Task details:
Below are records to give again exactly; omit each image they contain.

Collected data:

----

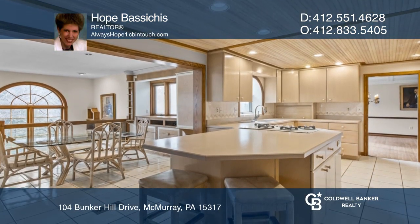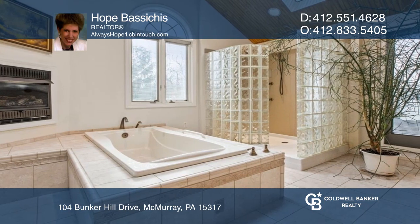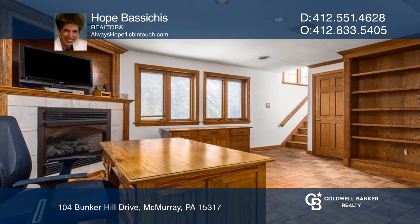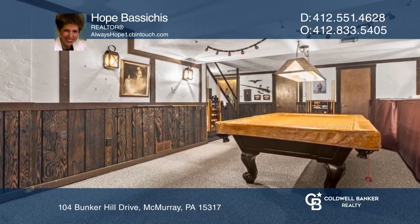A few steps away is the gorgeous kitchen. The primary bedroom suite has a huge bath with skylights. There's a game room with a slate pool table and a spacious office with a fireplace.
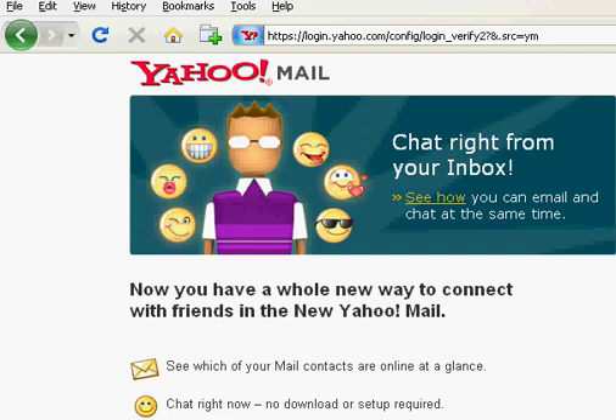Some email services are better than others with regard to security. What I want to do is start out showing you my Yahoo Mail account. If you look at the top, if you can look closely here in the address bar, you'll see it says HTTPS, and that means that I'm starting out with an encrypted connection between my laptop and Yahoo.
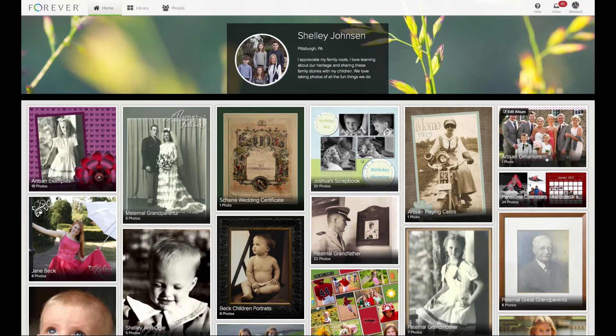Hi, I'm Shelley and I'm a member of the Forever team. I'm excited to give you a bird's eye view of my Forever account.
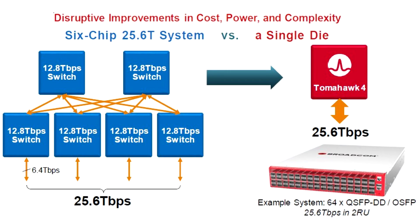Capable of supporting 64 ports of 400 Gbps or 256 ports of 100 Gbps, the Tomahawk 4 is said to bring costs of operations down by 75 percent due to the less required power and hardware to operate a 25.6 Tbps switch, where in the past it was required to run multiple switches to achieve such throughput.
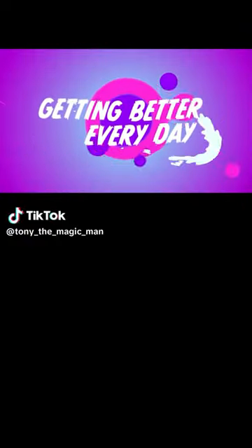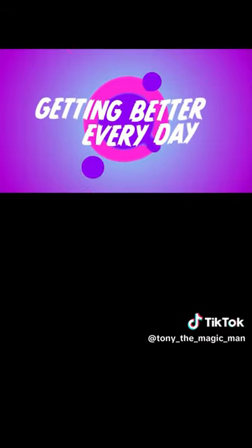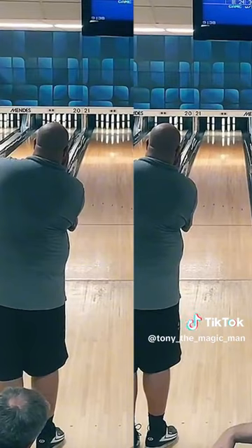On today's episode of Getting Better Every Day, my ball is still going slightly to the left and I realized I can make a side by side comparison of my shots. So I'm going to miss it on the left, hit it on the right.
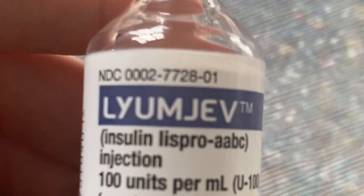Then there's Lyumjev. Lyumjev just came out recently. Lyumjev is made by Eli Lilly — Eli Lilly makes Humalog. Lyumjev, spelled L-Y-U-M-J-E-V. Lyumjev is also an ultra-rapid-acting insulin, similar to Fiasp, and it's supposedly even a tiny bit faster in onset compared to Fiasp.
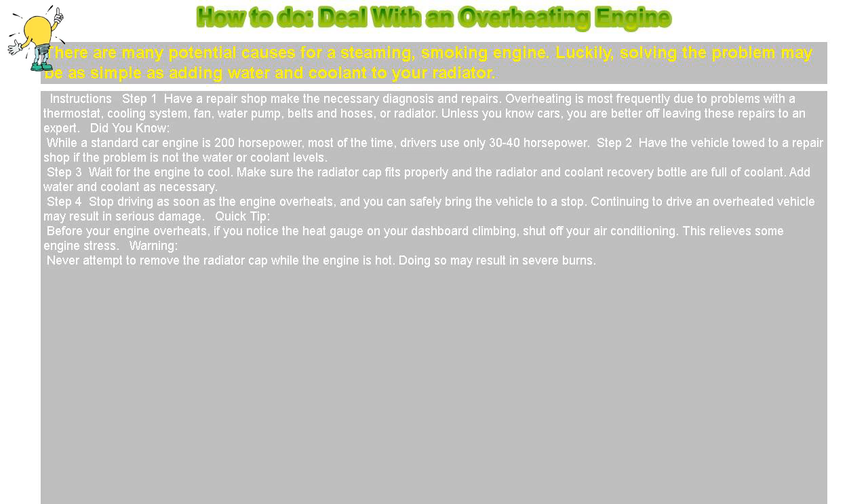Step 4: Stop driving as soon as the engine overheats, and you can safely bring the vehicle to a stop. Continuing to drive an overheated vehicle may result in serious damage.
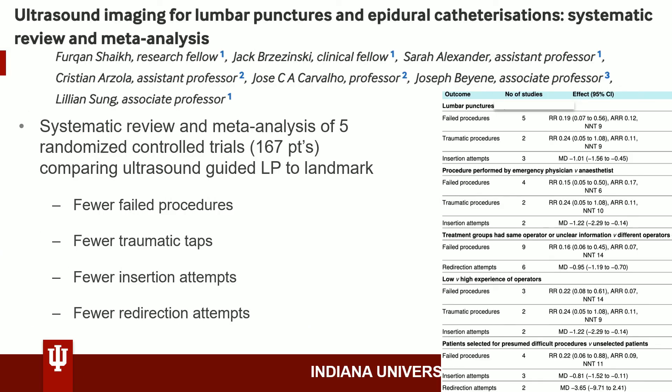We have here a bonus meta-analysis with similar findings to the Gottlieb analysis described earlier.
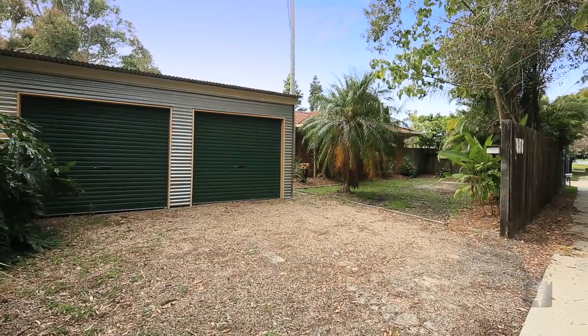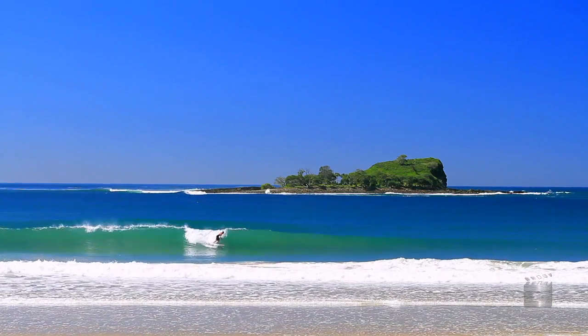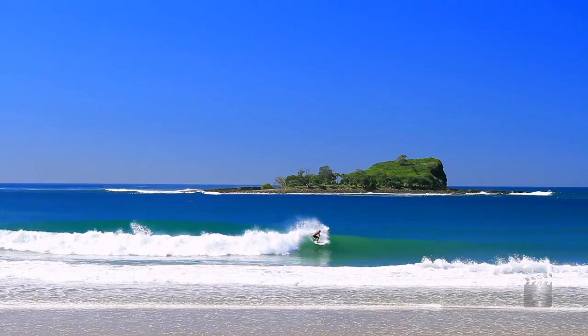A short stroll away is the beautiful sands of the picturesque Majimba and Makula beaches, where you can enjoy the great lifestyle offered.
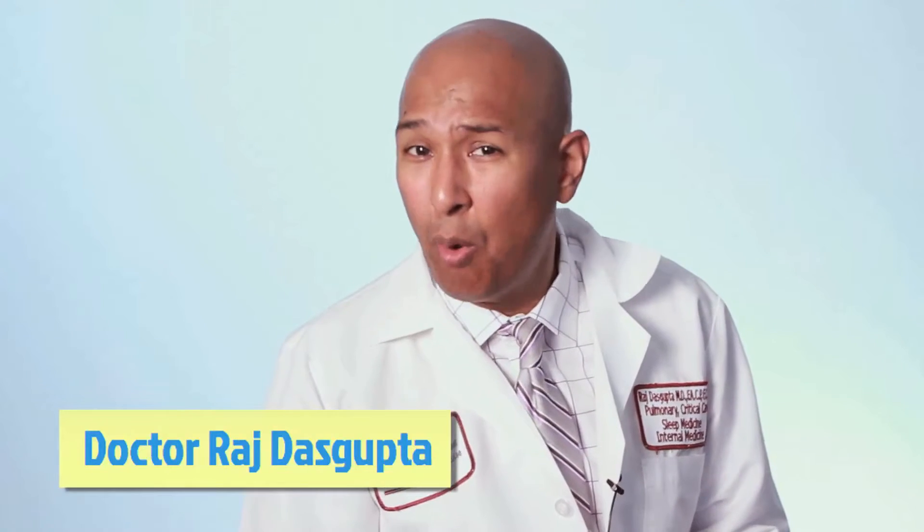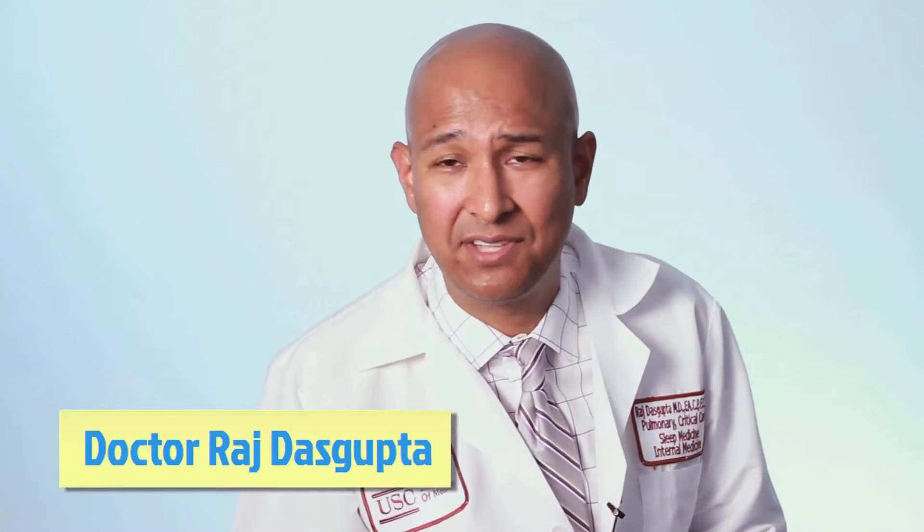Hi, I'm Dr. Raj, pulmonologist at the University of Southern California. Today we're going to be talking about the pulmonary complications of rheumatoid arthritis.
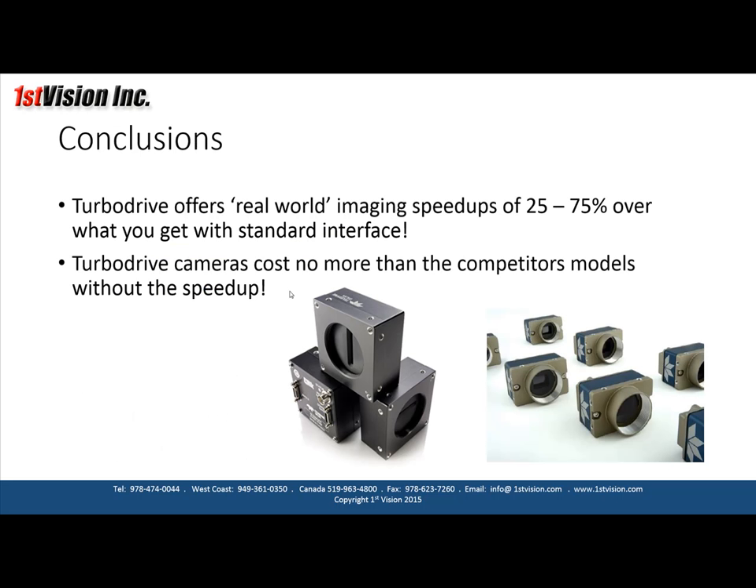What we can draw from this is that TurboDrive does, in fact, give you real-world imaging speed-ups over your standard interface, with cameras that cost no more than the competitor's models. If you want more information, go to the website to read the detailed explanations, or give us a call and we'd be more than happy to discuss your application. Thanks for taking the time to listen.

----

Reply to the exercise:
A few steps away is the gorgeous kitchen. The primary bedroom suite has a huge bath with skylights. There's a game room with a slate pool table and a spacious office with a fireplace.
Some email services are better than others with regard to security. What I want to do is start out showing you my Yahoo Mail account. If you look at the top, if you can look closely here in the address bar, you'll see it says HTTPS, and that means that I'm starting out with an encrypted connection between my laptop and Yahoo.
Hi, I'm Shelley and I'm a member of the Forever team. I'm excited to give you a bird's eye view of my Forever account.
Capable of supporting 64 ports of 400 Gbps or 256 ports of 100 Gbps, the Tomahawk 4 is said to bring costs of operations down by 75 percent due to the less required power and hardware to operate a 25.6 Tbps switch, where in the past it was required to run multiple switches to achieve such throughput.
On today's episode of Getting Better Every Day, my ball is still going slightly to the left and I realized I can make a side by side comparison of my shots. So I'm going to miss it on the left, hit it on the right.
Then there's Lyumjev. Lyumjev just came out recently. Lyumjev is made by Eli Lilly — Eli Lilly makes Humalog. Lyumjev, spelled L-Y-U-M-J-E-V. Lyumjev is also an ultra-rapid-acting insulin, similar to Fiasp, and it's supposedly even a tiny bit faster in onset compared to Fiasp.
Step 4: Stop driving as soon as the engine overheats, and you can safely bring the vehicle to a stop. Continuing to drive an overheated vehicle may result in serious damage.
We have here a bonus meta-analysis with similar findings to the Gottlieb analysis described earlier.
A short stroll away is the beautiful sands of the picturesque Majimba and Makula beaches, where you can enjoy the great lifestyle offered.
Hi, I'm Dr. Raj, pulmonologist at the University of Southern California. Today we're going to be talking about the pulmonary complications of rheumatoid arthritis.
What we can draw from this is that TurboDrive does, in fact, give you real-world imaging speed-ups over your standard interface, with cameras that cost no more than the competitor's models. If you want more information, go to the website to read the detailed explanations, or give us a call and we'd be more than happy to discuss your application. Thanks for taking the time to listen.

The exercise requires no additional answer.